Hi,
Now I'm using, qlustar management interface, but GPU wizard do delete the GresTypes=gpu to GresTypes=, then it caused an error as follows,
### beosrv-c ### writing /etc/qlustar/common/slurm-llnl/slurm.conf writing /etc/qlustar/common/slurm-llnl/gres.conf writing /etc/qlustar/common/slurm-llnl/cgroup.conf postcmd: service slurmctld restart; echo ' * Waiting for slurmd to be ready...'; sleep 5; scontrol reconfigure Job for slurmctld.service failed because the control process exited with error code. See "systemctl status slurmctld.service" and "journalctl -xeu slurmctld.service" for details. * Waiting for slurmd to be ready... scontrol: error: Parse error in file /etc/qlustar/common/slurm-llnl/slurm.conf line 169: "GresTypes=" scontrol: fatal: Unable to process configuration file 1
How to fix it and how to add GressTypes? Can I set as GresTypes=gpu,mps ?
Regards, Morihisa
Hi Morihisa,
you will have to add a gpu GRES group and assign it to some nodes. Only then will GresTypes='gpu' be set automatically. GresTypes='...' should not be set manually in the slurm config header. Also be aware that with MPS you can partition a GPU for use by only a single user. From the Nvidia docs: 'only one user on a system may have an active MPS server'.
Best,
Roland
On 11/27/24 12:30, ulgs_mrq via Qlustar General wrote:
Hi,
Now I'm using, qlustar management interface, but GPU wizard do delete the GresTypes=gpu to GresTypes=, then it caused an error as follows,
### beosrv-c ### writing /etc/qlustar/common/slurm-llnl/slurm.conf writing /etc/qlustar/common/slurm-llnl/gres.conf writing /etc/qlustar/common/slurm-llnl/cgroup.conf postcmd: service slurmctld restart; echo ' * Waiting for slurmd to be ready...'; sleep 5; scontrol reconfigure Job for slurmctld.service failed because the control process exited with error code.

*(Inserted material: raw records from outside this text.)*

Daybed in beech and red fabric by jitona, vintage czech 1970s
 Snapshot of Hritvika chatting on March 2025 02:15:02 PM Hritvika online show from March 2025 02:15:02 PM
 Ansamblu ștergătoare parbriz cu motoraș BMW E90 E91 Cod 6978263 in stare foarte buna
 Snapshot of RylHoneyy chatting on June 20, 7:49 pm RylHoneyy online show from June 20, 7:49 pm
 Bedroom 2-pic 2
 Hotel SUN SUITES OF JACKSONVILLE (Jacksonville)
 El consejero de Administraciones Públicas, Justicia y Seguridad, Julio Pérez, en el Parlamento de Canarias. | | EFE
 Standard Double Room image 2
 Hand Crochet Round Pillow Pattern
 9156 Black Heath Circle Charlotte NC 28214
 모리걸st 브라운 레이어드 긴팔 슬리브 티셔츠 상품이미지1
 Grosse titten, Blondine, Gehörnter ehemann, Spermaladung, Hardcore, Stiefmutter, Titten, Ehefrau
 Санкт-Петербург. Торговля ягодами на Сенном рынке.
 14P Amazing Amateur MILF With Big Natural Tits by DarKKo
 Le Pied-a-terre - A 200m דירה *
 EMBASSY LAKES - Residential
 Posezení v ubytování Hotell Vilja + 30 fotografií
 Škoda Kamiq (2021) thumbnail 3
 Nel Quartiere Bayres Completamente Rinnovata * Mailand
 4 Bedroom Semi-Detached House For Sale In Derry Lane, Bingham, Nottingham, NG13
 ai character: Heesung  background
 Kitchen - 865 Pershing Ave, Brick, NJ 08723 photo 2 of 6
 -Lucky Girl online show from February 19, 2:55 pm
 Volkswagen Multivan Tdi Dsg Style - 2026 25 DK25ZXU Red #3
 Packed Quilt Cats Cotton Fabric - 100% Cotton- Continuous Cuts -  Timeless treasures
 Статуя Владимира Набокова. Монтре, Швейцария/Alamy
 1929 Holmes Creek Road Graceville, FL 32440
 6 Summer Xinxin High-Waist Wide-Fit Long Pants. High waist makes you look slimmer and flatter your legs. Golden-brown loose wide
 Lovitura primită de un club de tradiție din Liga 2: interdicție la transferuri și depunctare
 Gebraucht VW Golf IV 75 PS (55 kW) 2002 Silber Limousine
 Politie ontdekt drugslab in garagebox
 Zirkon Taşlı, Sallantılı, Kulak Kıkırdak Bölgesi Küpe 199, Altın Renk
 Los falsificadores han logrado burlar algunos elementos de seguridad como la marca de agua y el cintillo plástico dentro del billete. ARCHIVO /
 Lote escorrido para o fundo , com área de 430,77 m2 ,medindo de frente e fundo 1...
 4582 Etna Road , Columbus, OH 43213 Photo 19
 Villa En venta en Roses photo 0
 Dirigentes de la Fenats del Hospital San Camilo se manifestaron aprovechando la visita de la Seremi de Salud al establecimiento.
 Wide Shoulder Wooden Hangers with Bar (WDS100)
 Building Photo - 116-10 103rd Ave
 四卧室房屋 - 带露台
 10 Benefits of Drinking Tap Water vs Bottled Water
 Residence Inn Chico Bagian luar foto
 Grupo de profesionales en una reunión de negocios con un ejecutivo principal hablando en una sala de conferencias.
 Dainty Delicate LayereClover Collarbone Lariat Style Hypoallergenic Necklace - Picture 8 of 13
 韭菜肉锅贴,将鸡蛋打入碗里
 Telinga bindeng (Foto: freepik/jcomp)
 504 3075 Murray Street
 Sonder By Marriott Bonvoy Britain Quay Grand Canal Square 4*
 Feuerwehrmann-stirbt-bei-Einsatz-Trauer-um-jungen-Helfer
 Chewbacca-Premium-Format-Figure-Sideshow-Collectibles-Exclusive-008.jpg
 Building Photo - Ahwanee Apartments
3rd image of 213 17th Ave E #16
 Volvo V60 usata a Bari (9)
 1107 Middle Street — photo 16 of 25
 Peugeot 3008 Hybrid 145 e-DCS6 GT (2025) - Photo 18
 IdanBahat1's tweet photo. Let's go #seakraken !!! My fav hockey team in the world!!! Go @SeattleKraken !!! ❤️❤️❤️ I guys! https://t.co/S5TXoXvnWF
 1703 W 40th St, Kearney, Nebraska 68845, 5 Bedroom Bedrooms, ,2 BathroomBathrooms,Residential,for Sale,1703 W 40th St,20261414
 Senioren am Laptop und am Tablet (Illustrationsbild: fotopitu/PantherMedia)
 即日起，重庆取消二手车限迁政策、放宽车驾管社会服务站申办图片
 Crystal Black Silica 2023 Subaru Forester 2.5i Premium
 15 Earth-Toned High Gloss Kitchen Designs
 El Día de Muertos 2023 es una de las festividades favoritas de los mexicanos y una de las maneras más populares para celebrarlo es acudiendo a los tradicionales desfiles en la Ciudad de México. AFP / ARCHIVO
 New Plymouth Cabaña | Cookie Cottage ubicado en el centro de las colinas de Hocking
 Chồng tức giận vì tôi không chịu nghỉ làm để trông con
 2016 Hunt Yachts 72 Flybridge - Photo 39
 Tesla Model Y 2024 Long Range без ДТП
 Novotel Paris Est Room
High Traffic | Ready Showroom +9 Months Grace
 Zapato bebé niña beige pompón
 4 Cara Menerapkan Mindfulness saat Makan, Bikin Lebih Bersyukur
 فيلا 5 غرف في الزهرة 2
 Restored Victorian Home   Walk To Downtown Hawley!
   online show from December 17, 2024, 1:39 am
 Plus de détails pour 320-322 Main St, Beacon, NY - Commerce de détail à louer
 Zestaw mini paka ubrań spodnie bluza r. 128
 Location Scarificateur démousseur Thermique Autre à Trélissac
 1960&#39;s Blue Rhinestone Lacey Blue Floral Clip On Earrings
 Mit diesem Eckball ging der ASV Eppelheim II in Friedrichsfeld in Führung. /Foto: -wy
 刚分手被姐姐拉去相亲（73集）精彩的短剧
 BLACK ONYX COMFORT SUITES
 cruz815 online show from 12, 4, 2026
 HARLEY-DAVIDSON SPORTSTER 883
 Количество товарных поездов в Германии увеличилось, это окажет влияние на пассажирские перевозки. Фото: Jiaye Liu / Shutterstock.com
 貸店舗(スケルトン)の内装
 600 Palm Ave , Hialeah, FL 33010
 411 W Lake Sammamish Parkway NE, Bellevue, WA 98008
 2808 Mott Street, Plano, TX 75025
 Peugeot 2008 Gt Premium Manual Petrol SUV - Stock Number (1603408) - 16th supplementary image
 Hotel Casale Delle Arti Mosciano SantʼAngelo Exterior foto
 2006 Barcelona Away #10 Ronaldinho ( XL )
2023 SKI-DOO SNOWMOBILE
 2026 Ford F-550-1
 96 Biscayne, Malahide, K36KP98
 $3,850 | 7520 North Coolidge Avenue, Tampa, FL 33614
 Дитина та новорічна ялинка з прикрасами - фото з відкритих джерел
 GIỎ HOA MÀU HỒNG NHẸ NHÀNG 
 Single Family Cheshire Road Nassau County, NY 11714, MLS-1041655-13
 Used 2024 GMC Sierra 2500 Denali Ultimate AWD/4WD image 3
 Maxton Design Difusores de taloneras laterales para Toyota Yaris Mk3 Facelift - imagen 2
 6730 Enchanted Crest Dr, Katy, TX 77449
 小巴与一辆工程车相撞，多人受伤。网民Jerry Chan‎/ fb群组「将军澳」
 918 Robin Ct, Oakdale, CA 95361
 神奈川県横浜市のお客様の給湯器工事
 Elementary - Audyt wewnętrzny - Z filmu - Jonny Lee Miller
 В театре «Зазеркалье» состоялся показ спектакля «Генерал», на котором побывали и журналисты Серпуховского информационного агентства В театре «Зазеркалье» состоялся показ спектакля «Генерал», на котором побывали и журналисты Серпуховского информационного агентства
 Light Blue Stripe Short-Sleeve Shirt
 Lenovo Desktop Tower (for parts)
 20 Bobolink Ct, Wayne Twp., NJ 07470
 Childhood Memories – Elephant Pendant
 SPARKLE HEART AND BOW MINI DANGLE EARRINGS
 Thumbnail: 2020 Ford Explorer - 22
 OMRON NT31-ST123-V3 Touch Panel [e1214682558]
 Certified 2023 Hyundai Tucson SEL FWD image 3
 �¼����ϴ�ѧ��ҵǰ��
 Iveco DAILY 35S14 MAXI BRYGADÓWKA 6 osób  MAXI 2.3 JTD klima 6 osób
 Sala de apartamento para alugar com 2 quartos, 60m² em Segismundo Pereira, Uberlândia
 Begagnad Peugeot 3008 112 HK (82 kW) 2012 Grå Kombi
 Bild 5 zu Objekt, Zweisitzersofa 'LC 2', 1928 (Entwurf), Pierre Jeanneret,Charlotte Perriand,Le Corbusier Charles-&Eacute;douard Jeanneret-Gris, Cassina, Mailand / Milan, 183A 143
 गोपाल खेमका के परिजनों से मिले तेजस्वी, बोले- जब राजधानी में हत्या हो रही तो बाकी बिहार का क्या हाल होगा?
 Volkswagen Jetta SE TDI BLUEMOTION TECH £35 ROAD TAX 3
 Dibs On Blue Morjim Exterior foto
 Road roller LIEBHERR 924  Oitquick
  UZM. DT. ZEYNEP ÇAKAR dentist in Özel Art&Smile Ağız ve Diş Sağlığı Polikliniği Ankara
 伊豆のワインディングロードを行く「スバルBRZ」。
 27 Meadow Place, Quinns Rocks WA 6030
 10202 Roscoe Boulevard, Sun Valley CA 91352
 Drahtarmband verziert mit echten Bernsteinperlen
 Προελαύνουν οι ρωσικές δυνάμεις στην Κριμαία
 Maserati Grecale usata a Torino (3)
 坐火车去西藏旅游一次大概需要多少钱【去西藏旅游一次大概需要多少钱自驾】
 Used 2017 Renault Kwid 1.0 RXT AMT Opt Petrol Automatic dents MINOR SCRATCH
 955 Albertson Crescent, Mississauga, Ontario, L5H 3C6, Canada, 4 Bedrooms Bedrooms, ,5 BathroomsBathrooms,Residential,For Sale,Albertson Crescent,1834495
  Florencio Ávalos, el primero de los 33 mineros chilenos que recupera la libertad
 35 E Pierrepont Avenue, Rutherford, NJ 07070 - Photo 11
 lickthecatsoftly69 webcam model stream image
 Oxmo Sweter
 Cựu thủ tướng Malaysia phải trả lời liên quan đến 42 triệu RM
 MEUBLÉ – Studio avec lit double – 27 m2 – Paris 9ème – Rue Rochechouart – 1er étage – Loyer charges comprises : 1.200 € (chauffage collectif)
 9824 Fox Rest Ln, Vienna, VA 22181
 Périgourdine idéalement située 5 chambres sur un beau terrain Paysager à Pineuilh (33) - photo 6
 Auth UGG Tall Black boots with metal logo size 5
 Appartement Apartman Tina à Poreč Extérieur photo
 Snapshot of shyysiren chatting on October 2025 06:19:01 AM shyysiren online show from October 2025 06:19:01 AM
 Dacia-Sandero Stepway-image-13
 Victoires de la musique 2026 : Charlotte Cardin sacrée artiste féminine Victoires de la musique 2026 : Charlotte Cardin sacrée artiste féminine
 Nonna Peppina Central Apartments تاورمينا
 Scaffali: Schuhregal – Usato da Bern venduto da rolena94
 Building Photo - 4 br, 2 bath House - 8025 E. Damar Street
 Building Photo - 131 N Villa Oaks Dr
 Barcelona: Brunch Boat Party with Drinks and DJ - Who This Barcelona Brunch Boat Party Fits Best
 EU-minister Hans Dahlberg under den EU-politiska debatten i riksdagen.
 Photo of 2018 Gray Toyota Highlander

See "systemctl status slurmctld.service" and "journalctl -xeu slurmctld.service" for details.
- Waiting for slurmd to be ready...
scontrol: error: Parse error in file /etc/qlustar/common/slurm-llnl/slurm.conf line 169: "GresTypes=" scontrol: fatal: Unable to process configuration file 1
How to fix it and how to add GressTypes? Can I set as GresTypes=gpu,mps ?
Regards, Morihisa